Rules vs Principles Based Financial Regulation
44 Pages Posted: 8 Feb 2015
Date Written: November 25, 2014
We study the relative strengths and weaknesses of principles based and rules based systems of regulation. In the principles based systems there is clarity about the regulatory objectives but the process of reverse-engineer these objectives into meaningful compliance at the firm level is ambiguous, whereas in the rules based systems there is clarity about the compliance process but the process of forward-engineer this into regulatory objectives is also ambiguous. The ambiguity leads to social costs, the level of which is influenced by regulatory competition. Regulatory competition leads to a race to the bottom effect which is more harmful under the principles based systems. Regulators applying principles based systems make dramatic changes in the way they regulate faced with regulatory competition, whereas regulators applying rules based systems make less dramatic changes, making principles based regulation less robust than rules based regulation.
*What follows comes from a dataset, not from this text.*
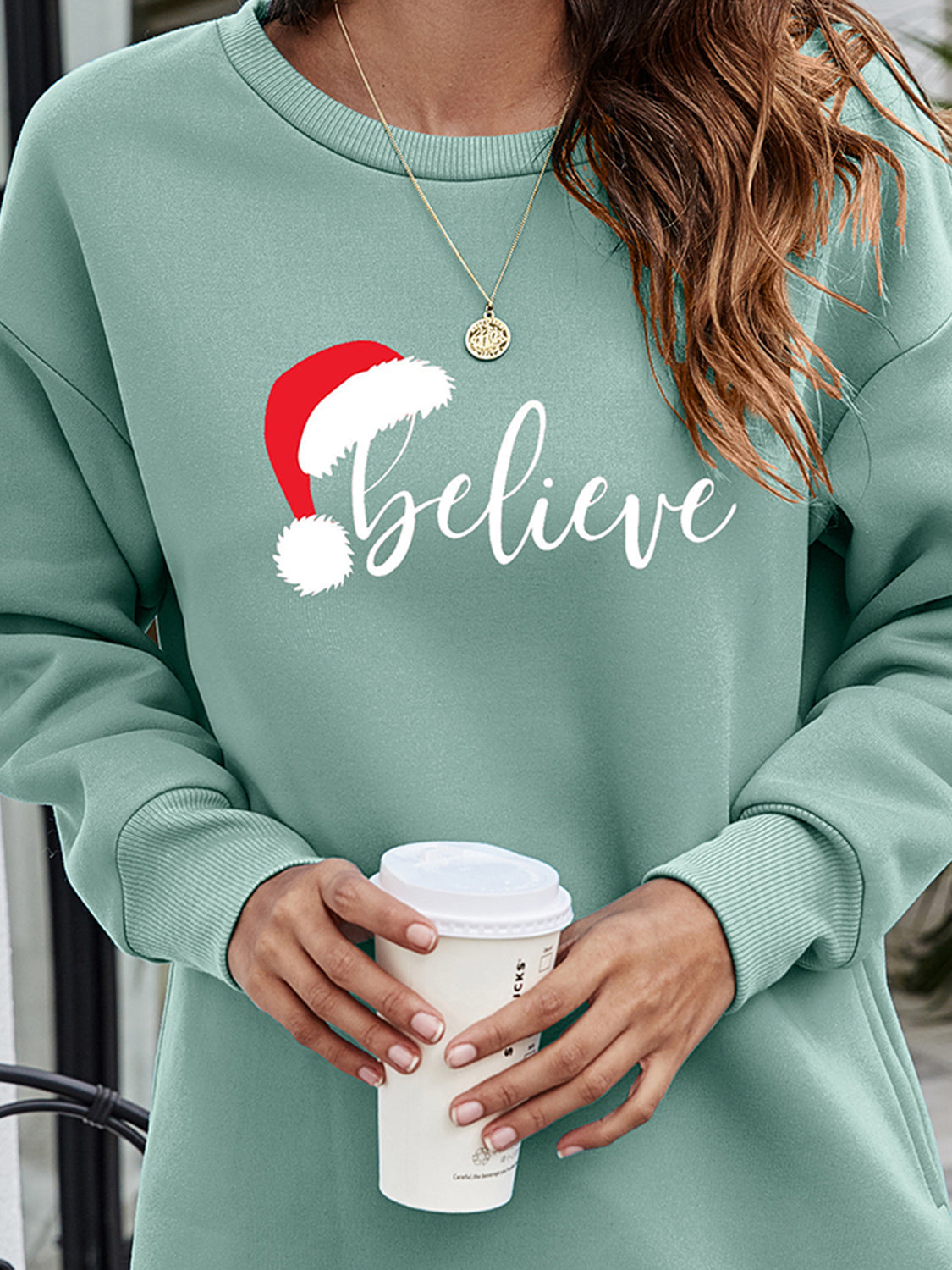 BELIEVE Graphic Tunic Sweatshirt-Jewearrings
Firms prefer a rules based system where the cost of ambiguity is borne by society rather than the firms, however, when faced with regulatory competition they are better off in principles based systems if the direct costs to firms is sufficiently small. We discuss these effects in the light of recent observations.
Keywords: Corporate lobbying, Principles based regulation, Regulatory arbitrage, Regulatory harmonization, Rules based regulation.